SOC monitorando OT e TI

<=1h

SLA de contenção em incidentes

IEC 62443

Referência para segmentação OT/ICS

LGPD

Conformidade de dados pessoais

Em resumo

  • O risco número um da celulose não é roubo de dado, é parada de processo: ransomware que cruza da TI para a OT pode forçar o desligamento emergencial de digestor e caldeira de recuperação, com custos de religamento e risco de segurança física.
  • A defesa começa pela segmentação: separar a rede de controle (CLPs, SDCD, instrumentação) da rede corporativa em zonas e conduítes, segundo o modelo Purdue e a norma IEC 62443, é o controle de maior impacto e menor risco operacional.
  • Monitoramento de OT precisa ser passivo: a Decripte usa sensores que leem o tráfego industrial em modo espelhado (SPAN/TAP), sem enviar pacotes ativos que possam perturbar o controle de processo.
  • Resposta a incidentes em planta contínua exige isolar a TI sem derrubar a física: o playbook da Decripte preserva a operação da caldeira enquanto corta a propagação lateral, evitando paradas catastróficas.
  • A exportação é alvo de BEC: fraudes de desvio de pagamento em câmbio e contas de armadores/tradings exigem controles antifraude no fluxo financeiro, não só firewall.
  • O ponto de partida sem compromisso é o diagnóstico gratuito em decripte.io/free; os planos pagos em /planos cobrem SOC 24x7, Resposta a Incidentes e Gestão de Vulnerabilidades.
Indústria e Manufatura

Cibersegurança para Papel e Celulose

Plantas de celulose operam digestores, caldeiras de recuperação e linhas de secagem em processo contínuo, onde uma parada não programada custa milhões por hora. A Decripte segmenta o ambiente OT/ICS, contém ataques sem desligar a planta e implanta monitoramento industrial 24x7.

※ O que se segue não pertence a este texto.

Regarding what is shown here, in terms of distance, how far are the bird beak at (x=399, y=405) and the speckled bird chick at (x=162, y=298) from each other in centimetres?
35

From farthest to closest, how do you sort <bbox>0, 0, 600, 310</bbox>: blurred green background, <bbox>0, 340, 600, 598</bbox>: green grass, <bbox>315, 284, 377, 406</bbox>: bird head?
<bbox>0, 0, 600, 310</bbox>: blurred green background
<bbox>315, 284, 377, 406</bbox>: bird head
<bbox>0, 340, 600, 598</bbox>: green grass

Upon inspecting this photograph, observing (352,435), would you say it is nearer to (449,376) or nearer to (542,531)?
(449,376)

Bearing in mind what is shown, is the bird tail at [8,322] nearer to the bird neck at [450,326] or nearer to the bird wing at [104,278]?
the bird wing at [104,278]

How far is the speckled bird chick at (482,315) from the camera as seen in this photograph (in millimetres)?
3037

Por que papel e celulose é um alvo de alto valor e alta consequência

A indústria de papel e celulose tem uma característica que a torna especialmente sensível a ataques cibernéticos: ela opera em processo contínuo. Diferente de uma linha de manufatura discreta, onde se monta uma peça por vez e uma parada significa perder produção daquele intervalo, a celulose mantém digestores, caldeiras de recuperação, evaporadores, caustificação e máquinas de secagem rodando de forma ininterrupta, muitas vezes por meses entre paradas programadas. Religar uma caldeira de recuperação ou um digestor contínuo depois de uma parada emergencial não é apertar um botão: é um procedimento de horas a dias, com riscos de segurança física, perda de produto em processo, danos a equipamentos e licor preto fora de especificação.

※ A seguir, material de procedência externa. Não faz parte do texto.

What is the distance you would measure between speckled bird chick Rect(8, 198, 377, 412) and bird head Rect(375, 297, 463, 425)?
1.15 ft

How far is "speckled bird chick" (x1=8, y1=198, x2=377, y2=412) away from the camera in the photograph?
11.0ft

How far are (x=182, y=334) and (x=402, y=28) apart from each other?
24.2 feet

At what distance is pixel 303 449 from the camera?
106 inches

Essa realidade muda completamente o cálculo do atacante. Em um e-commerce, o criminoso de ransomware aposta que a empresa pagará para recuperar dados. Em uma planta de celulose, ele aposta em algo muito mais caro: a ameaça de parar a produção. Quando a operação física vale dezenas de milhares de reais por hora, a pressão para pagar o resgate aumenta exponencialmente, e o atacante sabe disso. Por isso, grupos de ransomware de dupla e tripla extorsão miram industriais de processo contínuo com prioridade, sabendo que a janela de tolerância da vítima é curta.

O que torna a OT de celulose única

  • Processo contínuo: parada não programada tem custo de religamento e risco físico, não só perda de produção do intervalo
  • Equipamentos de longa vida: CLPs, SDCDs e instrumentação podem ter 10 a 20 anos, com firmware sem patch e protocolos legados sem autenticação
  • Convergência TI/OT crescente: históricos de processo (PIMS), MES e ERP conectam o chão de fábrica à rede corporativa e à internet
  • Cadeia florestal e logística conectada: balanças, gestão de pátio de madeira e exportação ampliam a superfície de ataque para além da planta

Há ainda um agravante específico do setor: a integração vertical. Muitas operações de celulose controlam desde a floresta até o porto. Isso significa que a superfície de ataque vai além do parque fabril, incluindo sistemas florestais, balanças rodoviárias e ferroviárias, gestão de pátio de madeira, geração de energia a partir de biomassa e licor preto, e toda a cadeia logística de exportação. Cada um desses elos conectados é uma porta potencial.

As quatro ameaças que mais atingem a celulose

1. Ransomware com parada de processo contínuo

É o cenário de maior impacto. O ransomware raramente nasce na OT; ele começa na TI corporativa, por phishing, credencial vazada ou exploração de um serviço exposto, e se propaga lateralmente. O problema surge quando a rede de controle não está adequadamente segmentada da rede corporativa. Nesse caso, o malware alcança o nível de supervisão (estações de operação do SDCD, servidores SCADA, históricos), e a equipe de operação perde visibilidade e controle. Mesmo que o malware não cifre os CLPs em si, perder as estações de supervisão pode forçar uma parada emergencial por segurança, porque operar uma caldeira de recuperação às cegas é inaceitável.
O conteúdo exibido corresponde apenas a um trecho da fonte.